> [WHAT IS EXPECTED]: Report every line below that carries the word "Residential".

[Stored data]
====================
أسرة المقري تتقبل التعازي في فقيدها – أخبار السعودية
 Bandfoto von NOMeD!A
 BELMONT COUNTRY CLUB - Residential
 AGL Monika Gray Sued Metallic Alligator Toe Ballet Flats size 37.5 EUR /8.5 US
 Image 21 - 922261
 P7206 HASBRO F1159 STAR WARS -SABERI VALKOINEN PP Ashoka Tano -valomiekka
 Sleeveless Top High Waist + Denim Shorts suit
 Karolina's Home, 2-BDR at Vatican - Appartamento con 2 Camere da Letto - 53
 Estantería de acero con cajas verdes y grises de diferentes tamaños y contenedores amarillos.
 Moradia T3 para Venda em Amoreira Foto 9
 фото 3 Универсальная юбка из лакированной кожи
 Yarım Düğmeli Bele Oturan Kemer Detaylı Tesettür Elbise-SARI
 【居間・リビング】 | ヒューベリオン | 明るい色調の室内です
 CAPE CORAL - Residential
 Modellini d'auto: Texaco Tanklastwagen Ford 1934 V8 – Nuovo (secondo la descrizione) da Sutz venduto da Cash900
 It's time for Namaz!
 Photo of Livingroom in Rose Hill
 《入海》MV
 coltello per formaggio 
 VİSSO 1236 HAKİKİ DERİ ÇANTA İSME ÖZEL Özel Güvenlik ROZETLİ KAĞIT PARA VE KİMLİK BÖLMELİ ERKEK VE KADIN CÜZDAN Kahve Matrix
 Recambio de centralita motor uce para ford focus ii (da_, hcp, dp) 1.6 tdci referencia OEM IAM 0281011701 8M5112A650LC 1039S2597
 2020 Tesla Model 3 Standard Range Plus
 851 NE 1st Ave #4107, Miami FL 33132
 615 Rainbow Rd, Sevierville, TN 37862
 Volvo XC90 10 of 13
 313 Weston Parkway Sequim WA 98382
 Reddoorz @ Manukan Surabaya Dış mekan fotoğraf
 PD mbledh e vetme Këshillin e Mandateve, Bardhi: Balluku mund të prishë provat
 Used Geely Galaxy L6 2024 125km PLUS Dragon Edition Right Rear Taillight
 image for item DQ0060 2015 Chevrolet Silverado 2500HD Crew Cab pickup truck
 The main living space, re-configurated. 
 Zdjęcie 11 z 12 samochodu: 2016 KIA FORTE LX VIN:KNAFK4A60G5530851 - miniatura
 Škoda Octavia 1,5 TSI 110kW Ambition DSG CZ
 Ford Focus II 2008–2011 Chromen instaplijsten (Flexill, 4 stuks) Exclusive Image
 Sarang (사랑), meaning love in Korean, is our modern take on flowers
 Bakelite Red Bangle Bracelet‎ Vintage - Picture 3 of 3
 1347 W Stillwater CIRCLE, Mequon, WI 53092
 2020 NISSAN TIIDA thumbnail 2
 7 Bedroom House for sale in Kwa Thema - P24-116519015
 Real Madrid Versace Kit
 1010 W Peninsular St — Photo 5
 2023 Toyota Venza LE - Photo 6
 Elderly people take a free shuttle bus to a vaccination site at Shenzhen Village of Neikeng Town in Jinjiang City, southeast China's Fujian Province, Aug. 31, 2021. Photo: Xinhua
====================
> [WRITTEN REPLY]:
 BELMONT COUNTRY CLUB - Residential
 CAPE CORAL - Residential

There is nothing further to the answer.